Musharraf inaugurates Mirani Dam in Turbat

TURBAT, Nov 16: President Gen Pervez Musharraf on Thursday inaugurated the Mirani Dam and sought support of the people of Balochistan against `anti-development and retrogressive elements’ to steer the province into a new era of prosperity.

He said on the occasion that there were a handful of anti-development elements which were opposed to Balochistan's development as it came in conflict with their petty interests.

“These elements do not want to see Balochistan develop and progress and want to keep the people illiterate and backward to serve their own interests,” he said.

He sought people's support against such elements and said the government would never allow anyone to challenge the writ of the law.

“Pakistan comes first; we are because of Pakistan,” he said.

He reiterated his resolve to develop Balochistan and said the government had allocated and would continue to provide resources to improve the standard of living of the people of the province.

The president said he would inaugurate the Subakzai dam in March.

President Musharraf also urged people to vote in the next general elections for moderate and progressive people who wanted to take Pakistan forward as a developed country.
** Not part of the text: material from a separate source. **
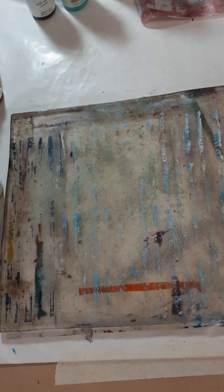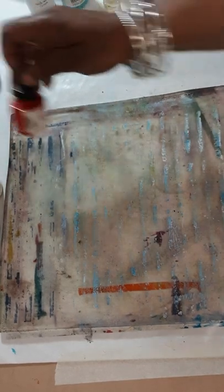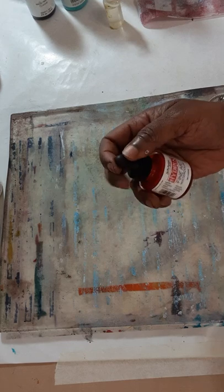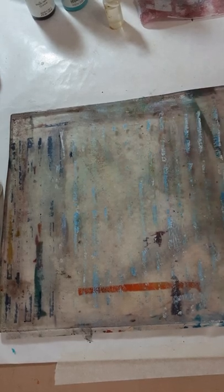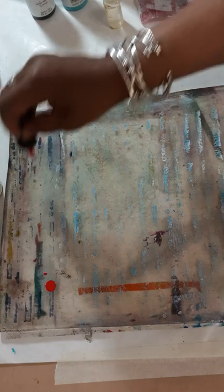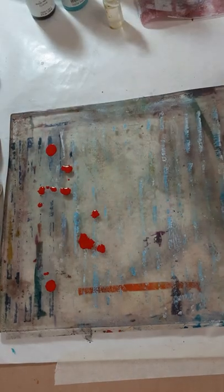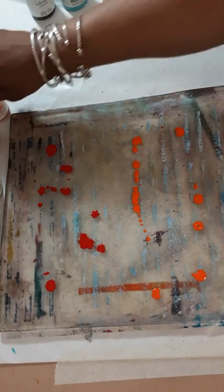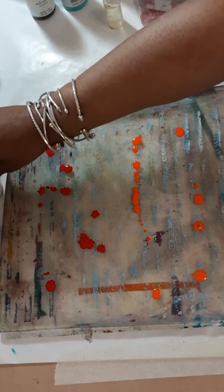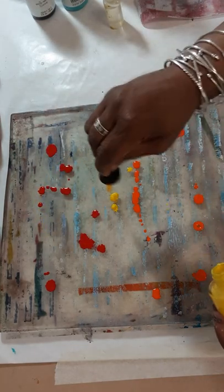Welcome to another gel printing episode with Patricia Stewart of Patricia Stewart Originals. I was playing around with some water-based liquid watercolors — these are from Dr. Ph. Martin's Hydrus Fine Art Watercolors — and I wanted to try doing a background with the watercolors. I usually use acrylic, but I wanted to change the background and try the watercolors for a different effect.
“The election 2007 is very important and the future of Pakistan depends on it,” the president said, urging people to reject retrogressive forces.
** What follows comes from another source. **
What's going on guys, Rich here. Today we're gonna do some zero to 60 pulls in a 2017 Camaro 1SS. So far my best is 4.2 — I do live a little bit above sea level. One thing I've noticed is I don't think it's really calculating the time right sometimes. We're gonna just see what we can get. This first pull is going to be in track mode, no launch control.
“There is no place for extremism and terrorism in Pakistan,” he said.

“Balochistan must demand what it needs and we are ready to give it,” the president said.

The Mirani Dam in Kech area of Makran district with a catchment area of 12,000 square kilometres has been built at a cost of Rs6 billion, including Rs1.5 billion paid in compensation to the affected people. It will have a storage capacity of over 300,000 million acre-feet of water. The project launched in 2002 was conceived in 1956.

President Musharraf said the dam was part of Water Vision 2025 he had launched in 2002 to plan to meet the looming shortfall.

Under the vision, he said, the government would construct many dams, including the Kalabagh, Basha, Munda and Kurrum Tangi dams and several water reservoirs by 2016. He said the county was facing a shortfall of nine million acre-feet of water and it would swell to 30 million acre-feet if no dam was built. He said 35 million acre-feet of water went waste every year as there was no capacity for storage.

He said Balochistan was not getting its share in the absence of canals to channel the water into the province.

He said the government was constructing the Rs40 billion Katchi canal and Punjab had provided land for its 350km-long stretch that would pass through the province.

The president said the federal government had given Rs100 million to each district nazim in Balochistan and Rs2.5 billion to the province’s MNAs and MPAs for development projects.

He said a package would be announced for Balochistan, which would include quota in good colleges and universities for students from the province and their free boarding, besides facilitating admissions to technical institutions.

He said 20 students from Balochistan had been accommodated in the first technical school recently opened by the Lahore corps.

The president said organisations like the Pakistan Ordnance Factory and the Pakistan Aeronautical Complex in Kamra had been asked to train people from Balochistan and create job opportunities for them.

On the demand of the local nazim, the president announced that campuses of the Balochistan University would be opened in Gwadar and Turbat.

He promised to provide bulldozers for the area so that development activity could be started there.

The president said the government was looking into the possibility of writing off agriculture loans of poor farmers.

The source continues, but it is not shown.